From there, I went to a panel discussion called HOW TO TEACH AN OLD BLOG NEW TRICKS, by Angela Render and Mur Lafferty. Miss Render, in particular, is very market savvy about web design and marketing, and Miss Lafferty was in the forefront of the social media marketing of novels.
Angela Rader, Web marketing whiz.
The discussion was focused on "blog rejuvenation strategies" and I found it interesting and useful. I may even follow some of that advice for this blog-- not that it's a commercial entity or anything.
After a jaunt out to discover my favorite barbecue joint down the street isn't open on Sundays (curses!), I came back for a short jaunt to the game room (playing the Traveler version of FULL THRUST), then to attend PODCASTING 102, with a panel consisting of Earl Newton (remember him from earlier?) Dan Tabor, Patrick Maclean, MAinPA, and Paulette Jaxton. Since, at some point, I intend to start a podcast of my own, I wanted to drop in on this panel discussion to pick up useful information. It was a very helpful little group, but sadly, far too short.
The Video Room was very hip, but I never spend time there-- I can watch commercial video at home. HOWEVER, this offering, FAUST: EINE DEUTSCHE VOLKSSAGE, made me wish I had the time to spare.
From podcasting, to film festivals.. I ended the evening watching the BALTICON SUNDAY NIGHT FILM FESTIVAL in the ballroom. This was a wonderful (if chilly) event. I recall some of the entrants, but didn't write it all down.
(the Hunt for Gollum floored me. A forty minute short that fills in the small gap just before the events of THE FELLOWSHIP OF THE RING. Shot in a visual style with props, actors, fonts and cinematographic style very evocative of Jackson's work, I'm thinking I'd better download this fast before the New Line lawyers pay the producers a visit with a cease and desist letter. It was genius.
Six Impossible Things was a sweet story about a young girl who builds a robot to cope with the loneliness in her life after her mother passes away.
the last one I can recall was THE ALLIANCE, a potboiling classic Science Fiction oater. What was unique about this one was the distinctive (extremely positive) Muslim viewpoint of the director and writer.
After nearly freezing out of the auditorium, I submitted my ballot and nosed my car out into the traffic for home-a-byes..
In retrospect, I'd have to say I liked Balticon very much, especially the many interesting panel discussions on Social Media and cross media promotions.
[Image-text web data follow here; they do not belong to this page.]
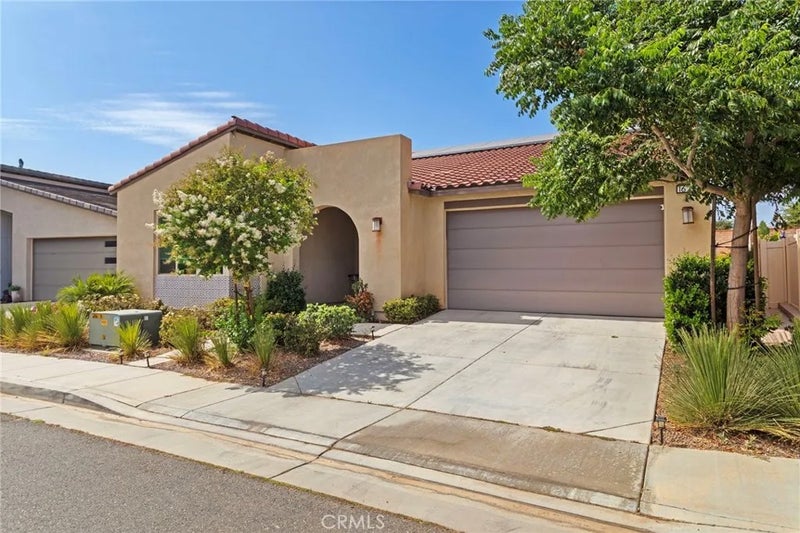 1628 Park Run Lane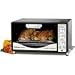 Cuisinart TTOB-30BW  Toaster Oven/Broiler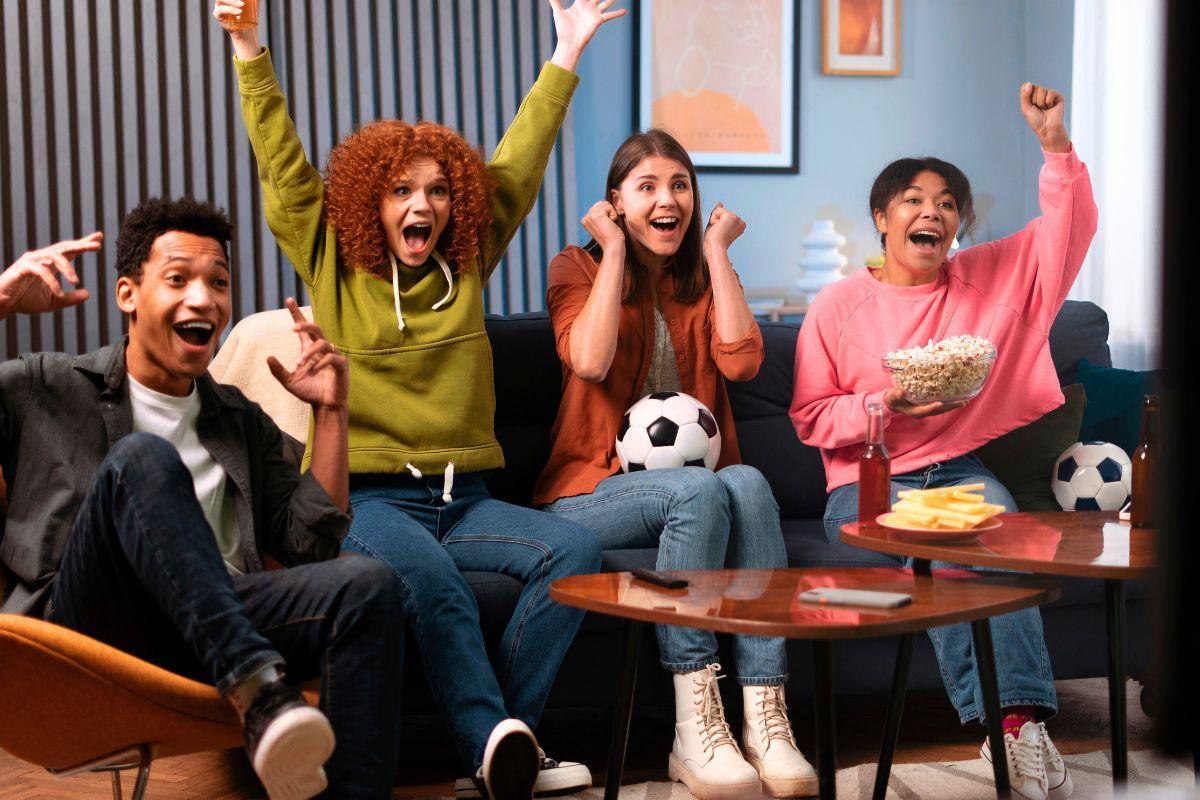 Super Bowl 2026: todo lo que no puedes perderte, desde actuaciones hasta merchandising oficial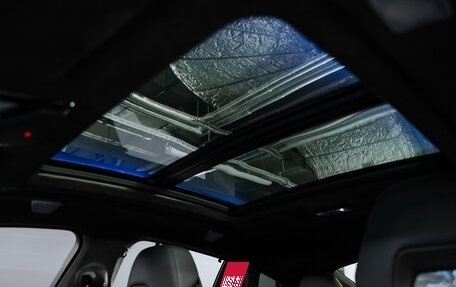 BMW X6, 2025 год, 14 500 000 рублей, 4 фотография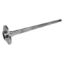 Picture of USA Standard Gear Drive Axle Shaft - ZA M35C-27-R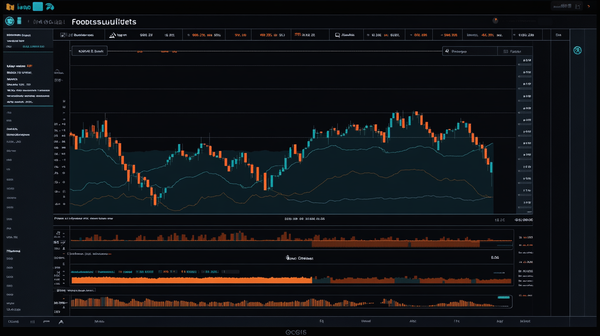 Is Yield Xyvor a Trustworthy Trading Platform? Find Out Now!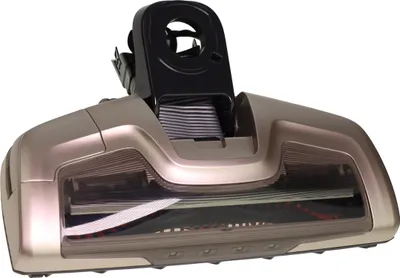 Image de Electrolux 4055478533 Buse de sol pour CX7-2-S360..Aspirateur à main sans fil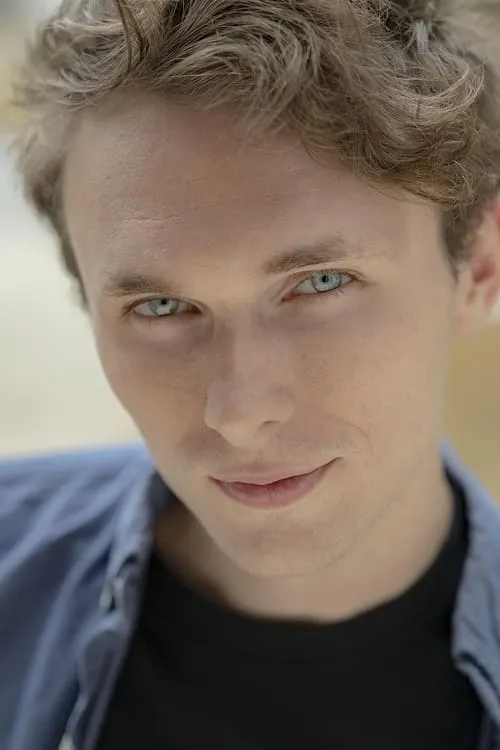 Gilbert Glenn Brown ha trabajado con Jp Lambert en 1 ocasiones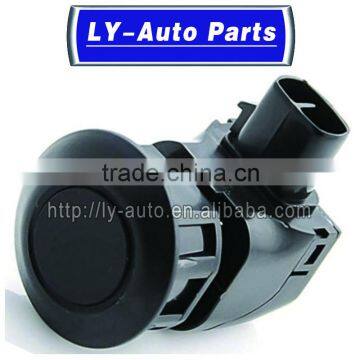 Parking PDC Sensor For TOYOTA Camry Corolla Previa Verso 89341-BZ090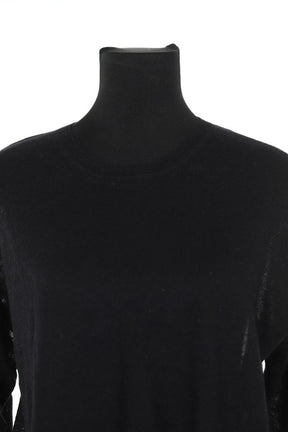 Pull Isabel Marant Étoile  Noir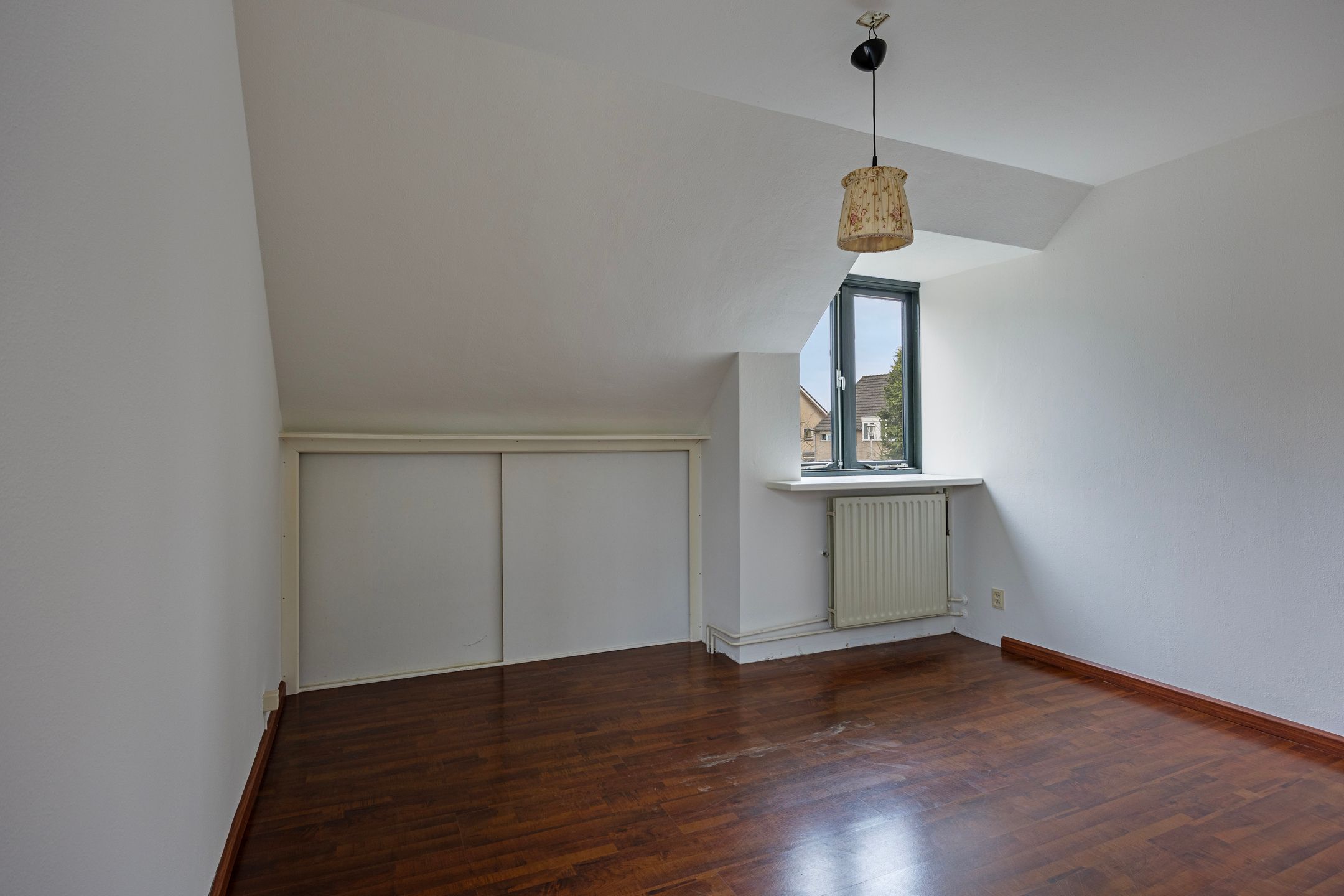 Foto 21 van Den Del 1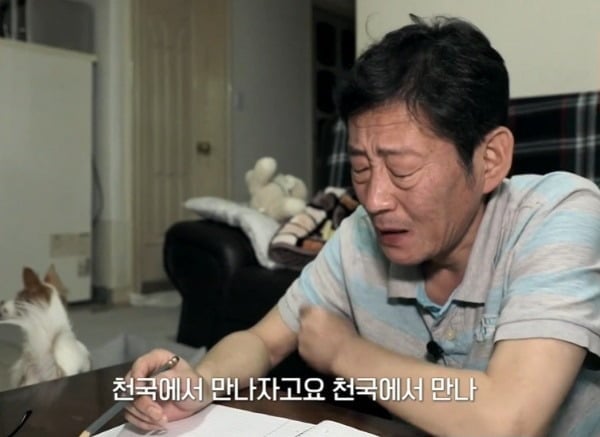 사진 = MBN '특종세상'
I will likely not be giving up any miniature gaming convention for a SF convention any time soon, because for me, reading is a personal and private thing. I'm not the type of fellow to put on a costume or wear a lot of buttons or go (shudder) filking, so I'm really only at these things for the books. Still, some people I admire were there (Siglar, and Lafferty, and Van Verth, and Hutchins and etc) so I'm glad I was in the same place with them at the same time, even if I'm too shy to be a nudge, even with Siglar. So I'll likely attend a Balticon again, if opportunity arises, but it won't be a driving force in my life. I'm not 20 any more!